Namun, seolah merasakan bahaya yang berasal dari naga itu, makhluk mitos tingkat puncak tersebut menghilang ke kedalaman celah tanpa menoleh ke belakang.
Kaisar Naga menggelengkan kepalanya dengan menyesal. Mari kita lanjutkan.
Ia terus menyelimuti dirinya dalam kobaran api berwarna emas-putih sambil memperluas wilayah kekuasaannya, melindungi keempat binatang raksasa lainnya saat mereka melanjutkan perjalanan menuju Lautan Kekacauan.
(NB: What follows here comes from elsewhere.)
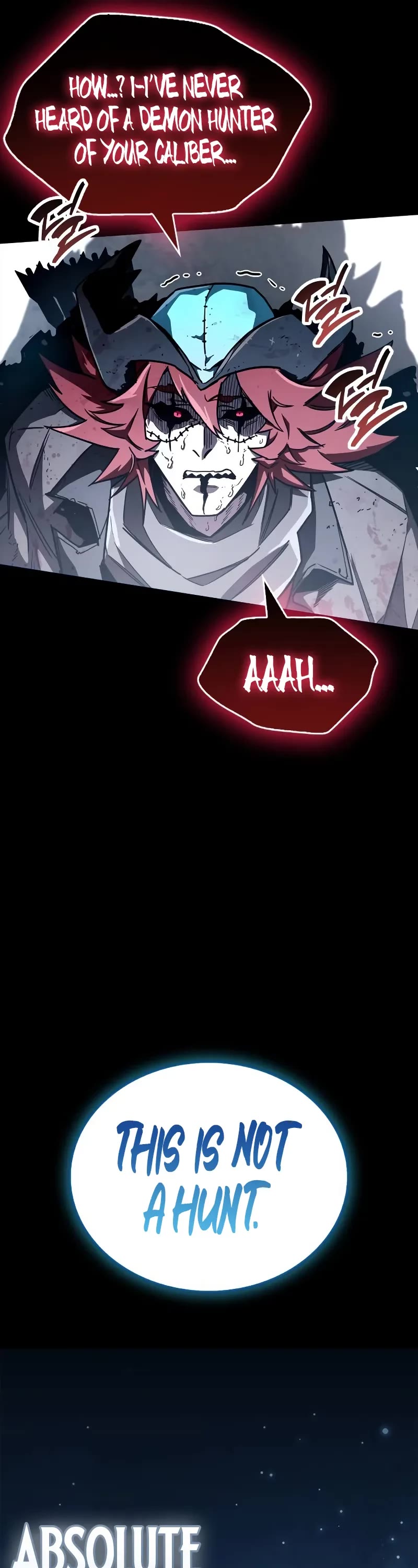The Player Hides His Past Chapter 75 page 86 - Chapter 75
Mereka masih berada di pinggiran Wilayah Kacau, di mana bahayanya relatif rendah.
Kelompok itu melintasi area yang membentang ribuan kilometer sambil dihujani hujan meteor dan badai api dengan kekuatan penghancur setara ledakan level 8 atau level 9. Tak lama kemudian, mereka sampai di tujuan.
Di depan terbentang lautan yang membentang menuju kehampaan. Air yang bergejolak itu bergelombang, menciptakan tsunami setinggi ratusan meter.
Di tengah deburan ombak yang dahsyat, sesosok makhluk humanoid setinggi empat meter melarikan diri dengan panik. Ia memiliki wajah yang sangat cantik, kulit halus dan pucat, serta tubuh bagian bawah seperti ikan. Dadanya tertutup sebagian oleh dua cangkang biru.
Mengejar makhluk mirip putri duyung itu adalah seekor binatang raksasa dengan panjang lebih dari seratus meter dan menyerupai ular hitam. Binatang itu membawa separuh mayat putri duyung lain yang berlumuran darah di mulutnya, daging dan darah menetes dari giginya yang bergerigi. Jelas sekali binatang itu telah melahap beberapa makhluk.
Namun, saat menatap ke depan, ular hitam itu tiba-tiba berhenti dan gemetar.
Di depannya terdapat lima makhluk raksasa kolosal, yang mengamati dengan diam-diam dengan mata dingin, acuh tak acuh, atau penasaran.